Equity release could be the ideal way for Baby Boomers to share their wealth and help the younger generations step on the housing ladder. Here we explain a bit more about this could work.
Much has been reported about the unprecedented uptake of equity release plans by homeowners aged 55 plus.
According to Statistics from the Equity Release Council Spring 2018 Market Report, the annual value of lending in the market grew a phenomenal 42% in 2017 to a record £3.06 billion. Meanwhile, the number of equity release plans taken out by new borrowers more than doubled over the previous five years.
But what has this got to do with first-time buyers and second steppers?
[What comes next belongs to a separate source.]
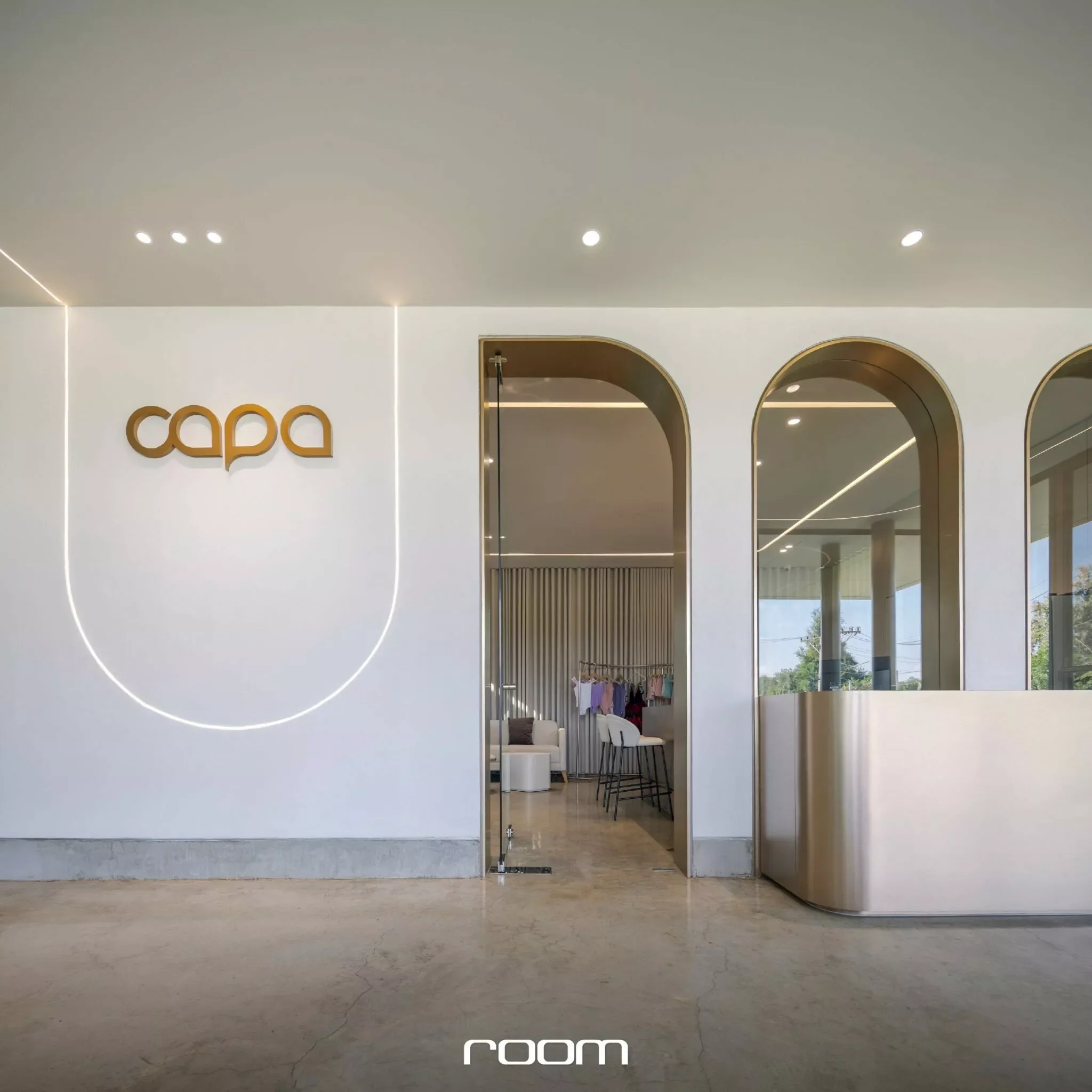Interior view of a modern, minimalist room with neutral tones, large curved mirrors, and a sign that reads 'capa' on the wall.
The availability and flexibility of plans is welcome news for Later Life borrowers. The good news is the benefits are filtering down to those aiming to get on the ladder.
These are children who had hoped to benefit from their parent’s estate. Inheritance to most may seem an eternity away and one that traditionally has only come at an age when it has least effect. However, attitudes are changing, particularly with the Baby Boomer generation – also known as the Silver Surfers.
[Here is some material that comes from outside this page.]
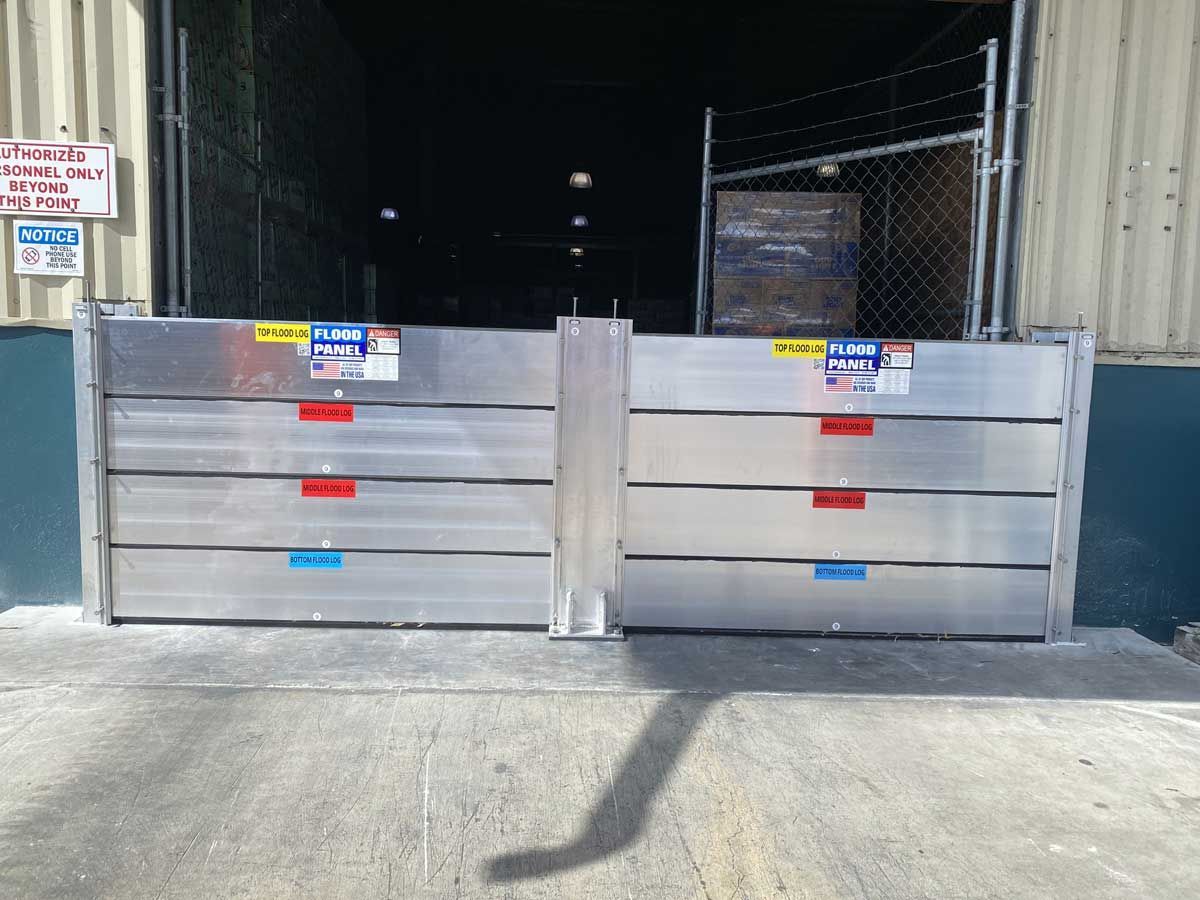 A pair of aluminum flood barriers are in front of a building.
They have benefitted from house price escalation, and successfully built up significant equity in their property. They understand how post-Millennials, also known as Generation Z, are struggling to get on the housing ladder and are looking at ways of helping them.
This has led to a rise in intergenerational gifting, or financially assisting the next generation when cash is needed most.
Recent research carried out by Legal & General Home Finance and the Centre for Economics and Business Research on Silver Spenders found that some of the largely untapped housing wealth from the Baby Boomer generation was beginning to be released and shared intergenerationally with families.
Of new equity release borrowers, 15% were taking out a lifetime mortgage to help a family member with a deposit to purchase a new home.
Over the past few years, outside of social housing schemes and the Government’s Help to Buy Initiative, there has been little support for first-time buyers and it has been challenging times for those wanting to get on to or step up the housing ladder.
The cost of renting has made it difficult to get a deposit together, whilst nesting with parents brings its own obvious challenges.
A recent report published February 2018 from the Institute for Fiscal Studies ‘The decline of homeownership among young adults’ further highlights that average house prices are 152% higher in 2015 and 2016 than they were 20 years earlier after adjusting for inflation.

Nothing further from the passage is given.